The two expansions of Helicobacter to Oceania © M. Achtman
The first big human expansion into the Pacific area, i.e. Australia and New Guinea, occurred during the last glacial period about 31 to 37,000 years ago across the Sahul shelf where low sea levels meant that the land masses were still connected. The descendants of these first immigrants, the Papua in the New Guinean highlands and the Australian aborigines, carry hpSahul Helicobacter bacteria that are not found in any other human population. The second human expansion from Taiwan 5,000 years ago, known as Austronesian expansion, is characterised by hpMaori Helicobacter bacteria. The hpMaori type originates from a Helicobacter type (hpEast Asia) frequently found in China. Archaeological finds provide evidence that Austronesians colonised Taiwan from Southern China, although Austronesian languages are no longer spoken there. Three of the four members of the Austronesian language family are only spoken by Taiwanese natives (around one per cent of the entire Taiwanese population). All other 945 languages of the Austronesian language family belong to the Malayopolynesian language group which spread from Taiwan a few thousand years ago to the Philippines and Indonesia and the Melanesian islands in the Western Pacific Ocean, and from there rapidly towards the east (to all inhabitable islands of the Pacific Ocean) and the west across the Indian Ocean to the island of Madagascar off the coast of East Africa.
Twin outrigger canoe from the Fiji islands © J. Dumont d’Urville,“ Voyage de la corvette d’Astrolabe, 1826-1829“.

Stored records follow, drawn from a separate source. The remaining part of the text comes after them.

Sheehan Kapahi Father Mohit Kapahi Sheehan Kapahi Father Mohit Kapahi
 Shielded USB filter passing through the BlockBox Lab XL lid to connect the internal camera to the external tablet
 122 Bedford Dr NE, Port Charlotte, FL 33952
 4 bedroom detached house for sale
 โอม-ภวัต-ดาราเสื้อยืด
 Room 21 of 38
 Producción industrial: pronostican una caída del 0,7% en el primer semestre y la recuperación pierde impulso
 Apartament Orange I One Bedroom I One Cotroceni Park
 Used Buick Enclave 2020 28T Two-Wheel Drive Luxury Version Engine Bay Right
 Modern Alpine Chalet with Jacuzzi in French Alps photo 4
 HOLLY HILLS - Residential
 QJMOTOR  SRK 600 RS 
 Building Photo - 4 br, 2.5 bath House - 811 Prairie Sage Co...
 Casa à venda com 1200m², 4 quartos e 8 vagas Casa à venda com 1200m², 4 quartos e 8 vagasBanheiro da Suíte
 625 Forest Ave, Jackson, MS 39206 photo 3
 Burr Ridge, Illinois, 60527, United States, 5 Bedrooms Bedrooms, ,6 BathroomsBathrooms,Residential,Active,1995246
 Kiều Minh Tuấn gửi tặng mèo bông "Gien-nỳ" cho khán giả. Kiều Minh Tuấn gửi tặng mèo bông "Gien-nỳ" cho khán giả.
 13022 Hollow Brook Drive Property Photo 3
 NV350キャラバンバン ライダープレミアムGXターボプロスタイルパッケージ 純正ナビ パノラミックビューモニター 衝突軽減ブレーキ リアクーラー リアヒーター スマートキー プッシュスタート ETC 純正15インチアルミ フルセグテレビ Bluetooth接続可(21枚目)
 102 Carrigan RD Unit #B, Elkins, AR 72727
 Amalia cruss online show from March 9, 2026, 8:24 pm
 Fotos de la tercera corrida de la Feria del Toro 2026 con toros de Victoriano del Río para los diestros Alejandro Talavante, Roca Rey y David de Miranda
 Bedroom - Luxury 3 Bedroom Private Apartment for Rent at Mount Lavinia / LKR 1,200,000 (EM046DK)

By air from Madagascar to the remotest island in the Pacific Ocean (Easter Island) is 23,000 km, which is more than half of the earth's circumference. Prior to colonialisation by Europeans from the 16th century onwards, the Malayopolynesian language group was the most widespread language in the world. Fascinating details about this expansion are found in the wonderful book "Guns, Germs and Steel" by Jared Diamond, a book which inspired Mark Achtman. The book also focuses on the ample archaeological and linguistic evidence for this migration. In addition to archaeological and linguistic research, molecular biology has also contributed to solving the migration puzzle. All samples derived from people belonging to the Austronesian language groups contained the hpMaori Helicobater type of bacteria; no single sample contained both hpSahul and hpMaori types.

So, how can the Austronesian migration be explained? Jared Diamond provides a plausible explanation, which, although speculative with regard to the early phase of this expansion, is backed by archaeological and linguistic evidence and is accepted by the majority of experts: the discovery of the outrigger sailing canoes that enabled the Austronesians to sail across the Ocean. They were unaware that they were accompanied by the bacterium Helicobacter pylori, which nowadays provides evidence of the great human migration which started in East Africa around 100,000 years ago.